DIRECTIONS FOR THIS TASK ::
In this exercise, print only the lines of the records below from the one with "Subdued Tie Dye" through the one with "Map showing MSU", inclusive. Pictures are not part of the copy.

INFORMATION SHOWN ::
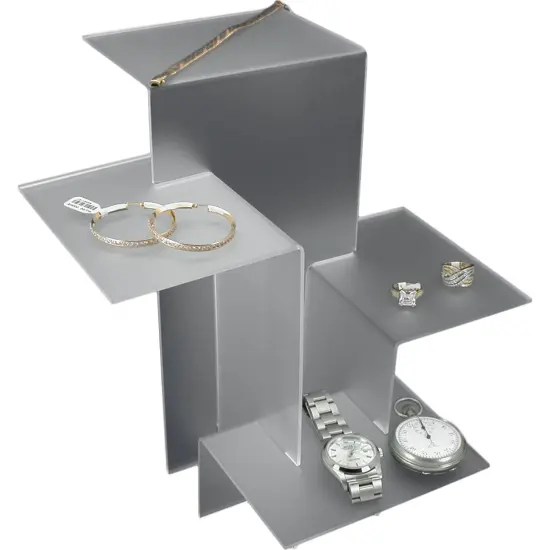 4 Pc Large Jewelry Display Risers Frosted White Acrylic {2}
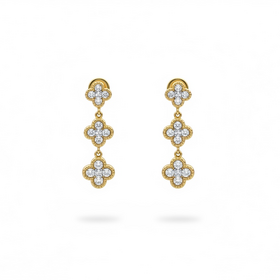 HJ NAMDAR (Y)14K .65DI TRIO DANGLING DIAMOND CLOVERS IN 14K GOLD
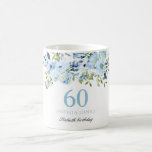 Sky Blue Floral Waterverf 60th Birthday Party Koffiemok<br><div class="desc">Sky Blue Floral Waterverf 60th Birthday Party Gift Coffee Mok Zie bijbehorend collectie in niche en nestwinkel</div>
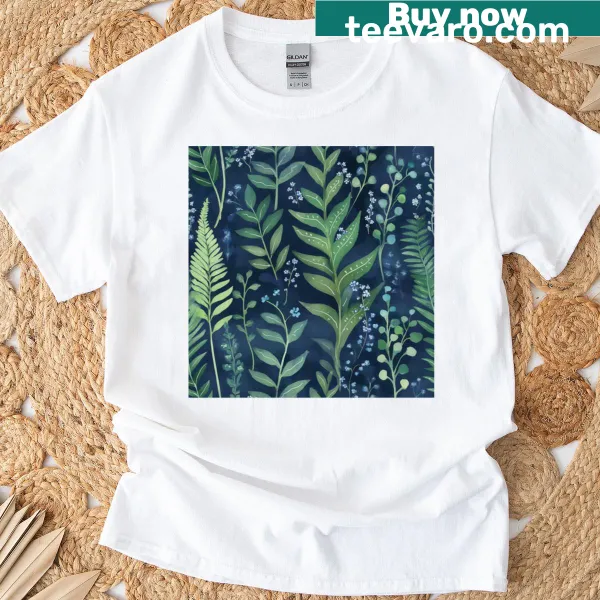 Seamless pattern T-shirt featuring fern fronds and forget-me-nots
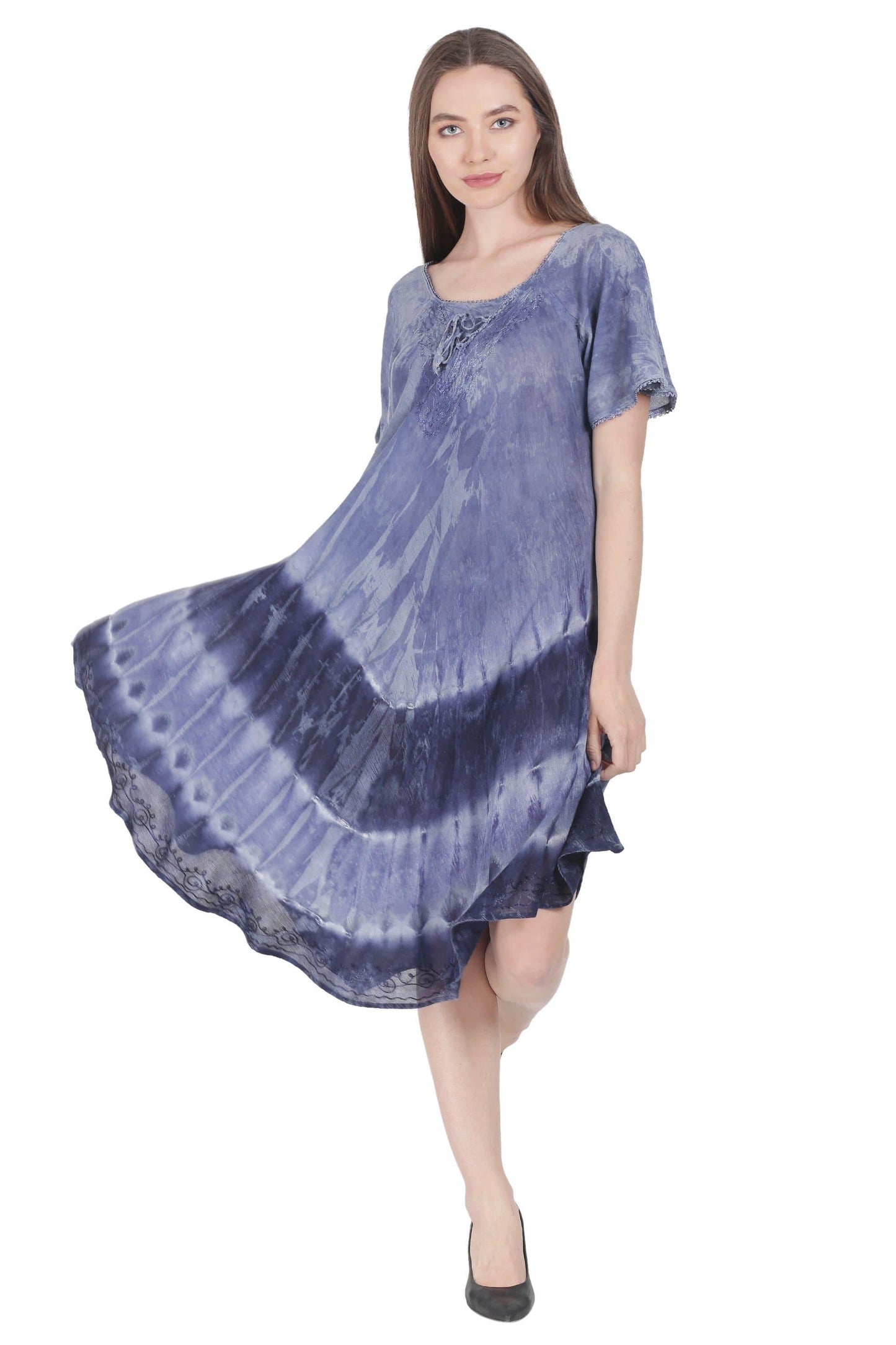 Subdued Tie Dye Trapeze Dress w/ Sleeves UDS48-2402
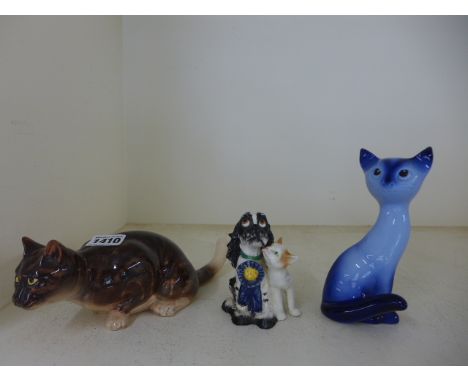 A Goebel cat and dog and two Sylvac cats - all good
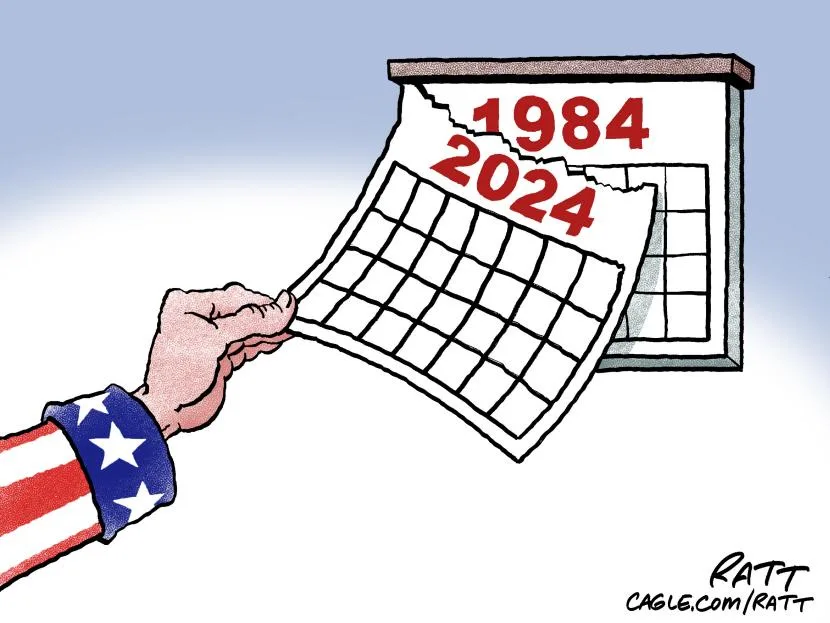 A cartoon hand wearing an American flag sleeve pulls a calendar page from a wall calendar, revealing the year 2024 while the…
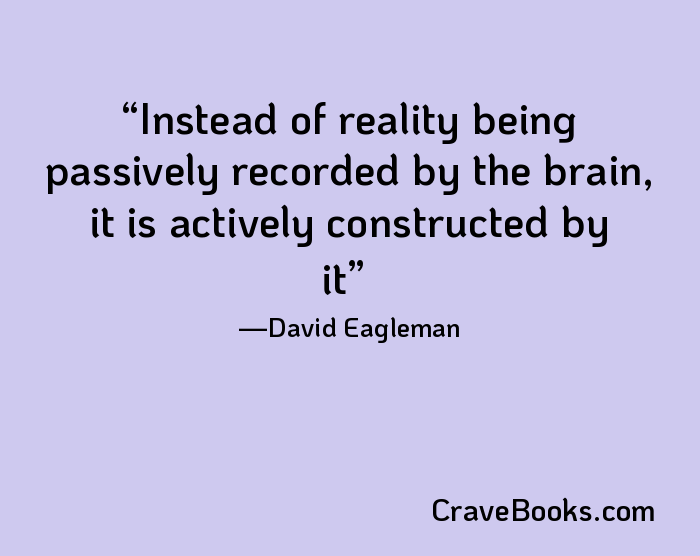 Instead of reality being passively recorded by the brain, it is actively constructed by it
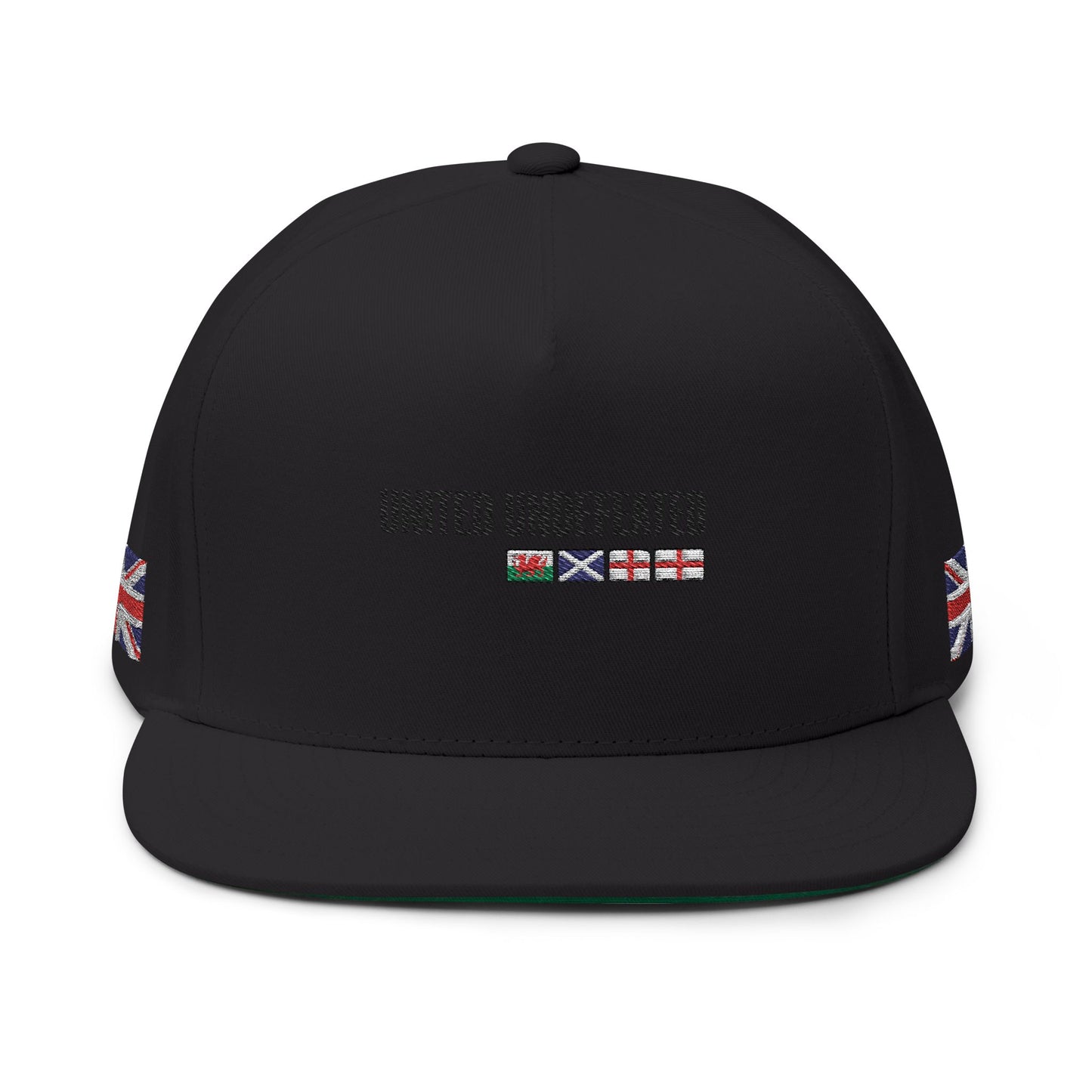 Flat Bill Cap — "United Undefeated" Embroidered Flag Snapback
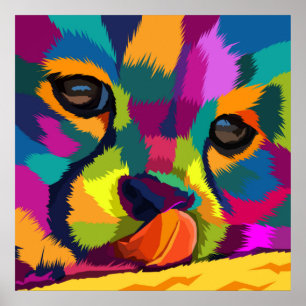 Póster Cheetah arcoiris
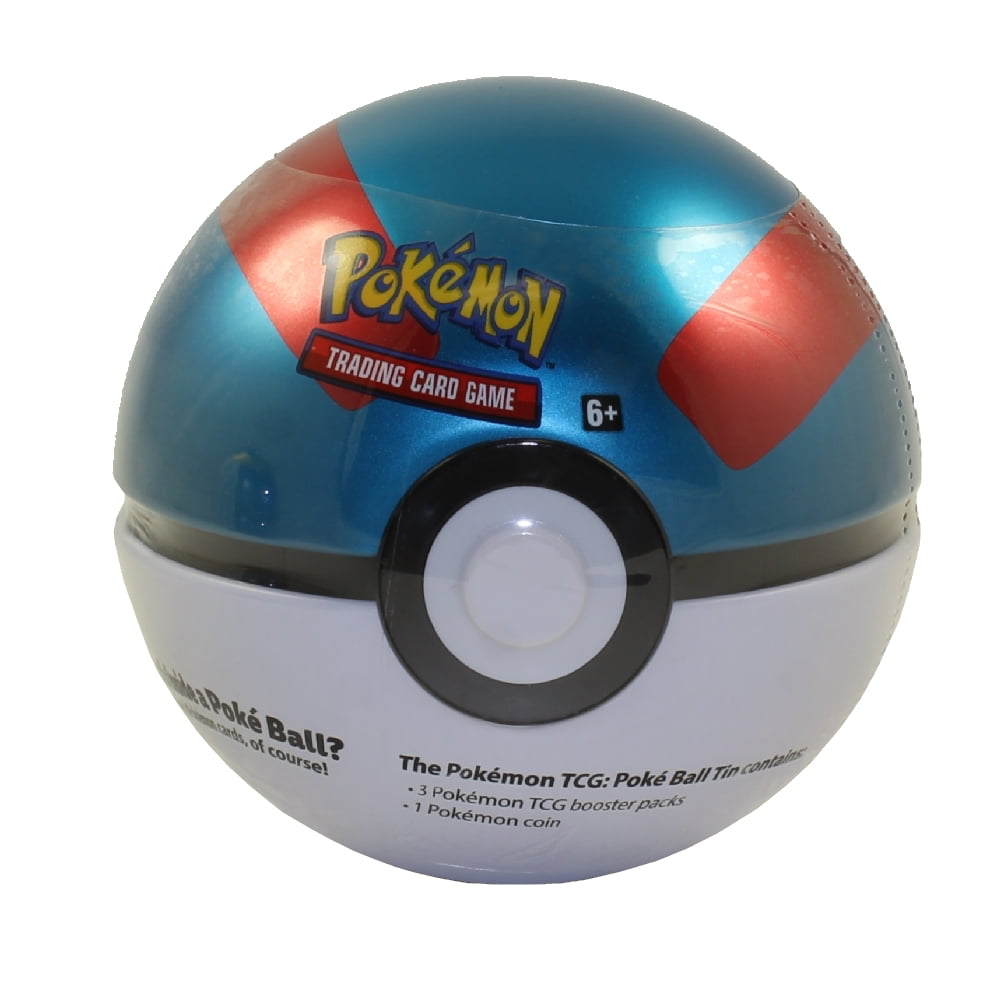 Pokemon TCG Trading Card Game Ball Tin 3 Booster Pack 1 Coin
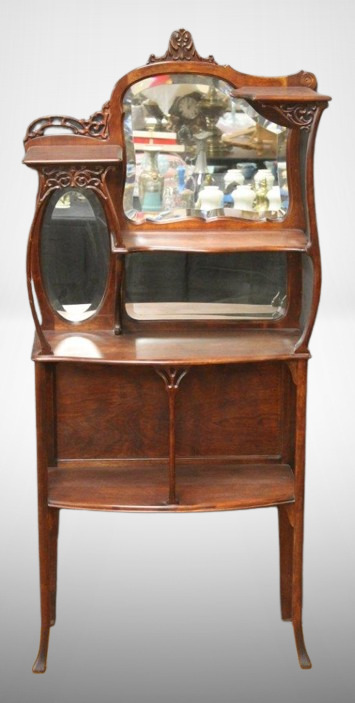 Victorian etagere w/ carved scrolls on top and braces, 5-shelves, beveled glass accent mirrors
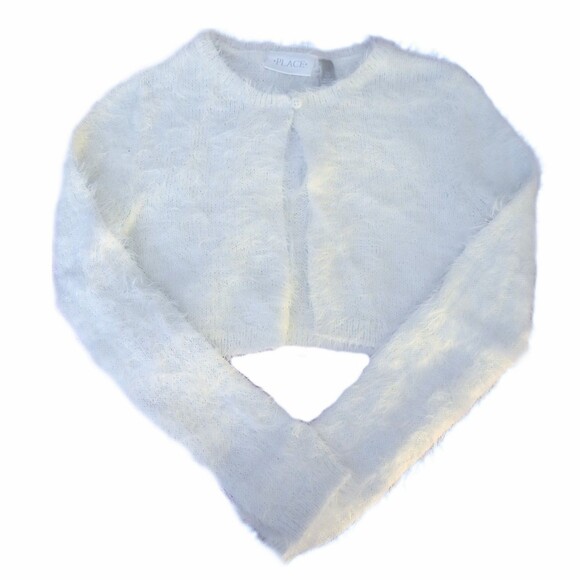 Children's Place White Fuzzy Cropped Cover Up Cardigan Sweater sz Med 7/8 Girls - Picture 1 of 4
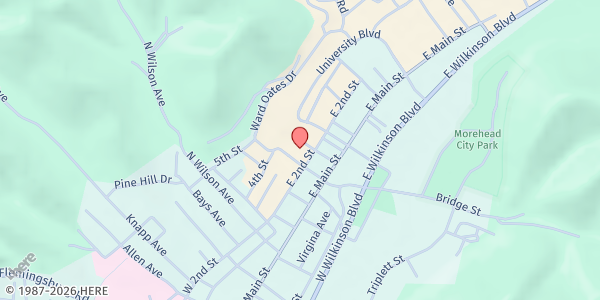 Map showing MSU Eagle Essentials at 400 E. Second Street, Room 212, Morehead, KY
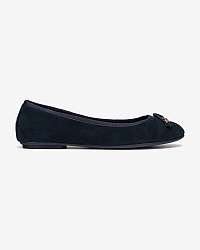 Tommy Hilfiger modré kožené balerínky Essential Suede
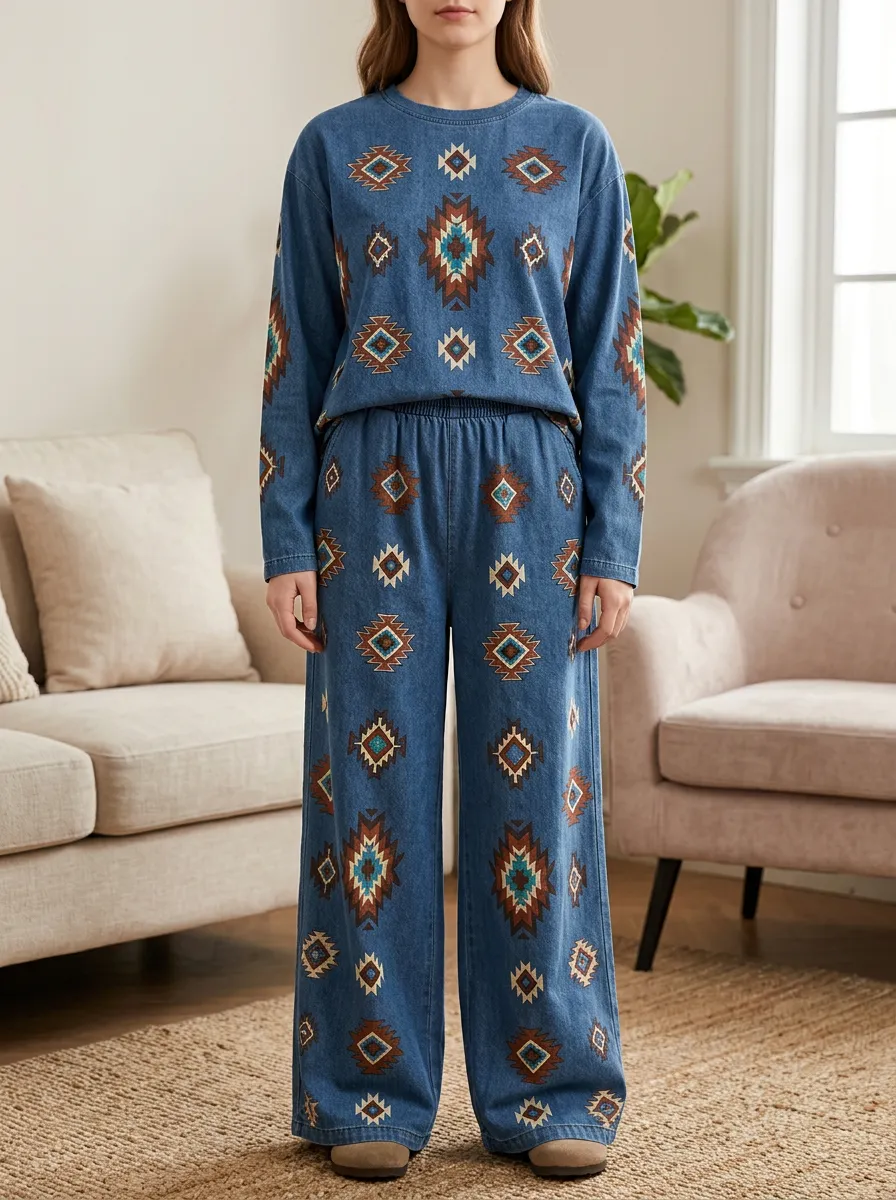 Women's Western Aztec Geometric Printed Long Sleeve Coordinated Lounge Set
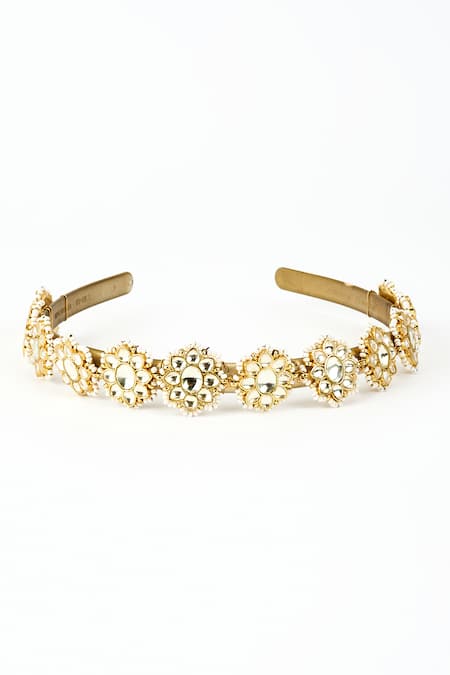 Shop Vivinia By Vidhi Mehra Gold Plated Kundan Polki Mathapatti at Aza Fashions Shop_Vivinia By Vidhi Mehra_Gold Plated Kundan Polki Mathapatti _at_Aza_Fashions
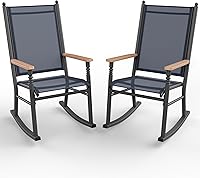Shintenchi 2-Piece High Back Outdoor Rocking Chairs Set with Breathable Textilene Fabric for Patio, Porch, Garden - Dark Grey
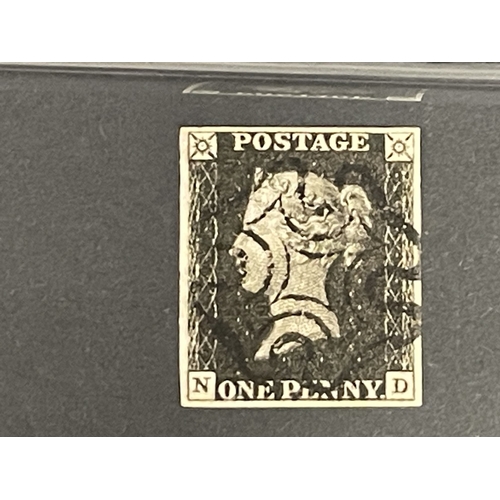 252 - Stamps: GB 1840 1d, one penny, black which we believe to be Plate 8, ND four good margins, used, obl...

RESPONSE TO THE EXERCISE ::
 Subdued Tie Dye Trapeze Dress w/ Sleeves UDS48-2402
 A Goebel cat and dog and two Sylvac cats - all good
 A cartoon hand wearing an American flag sleeve pulls a calendar page from a wall calendar, revealing the year 2024 while the…
 Instead of reality being passively recorded by the brain, it is actively constructed by it
 Flat Bill Cap — "United Undefeated" Embroidered Flag Snapback
 Póster Cheetah arcoiris
 Pokemon TCG Trading Card Game Ball Tin 3 Booster Pack 1 Coin
 Victorian etagere w/ carved scrolls on top and braces, 5-shelves, beveled glass accent mirrors
 Children's Place White Fuzzy Cropped Cover Up Cardigan Sweater sz Med 7/8 Girls - Picture 1 of 4
 Map showing MSU Eagle Essentials at 400 E. Second Street, Room 212, Morehead, KY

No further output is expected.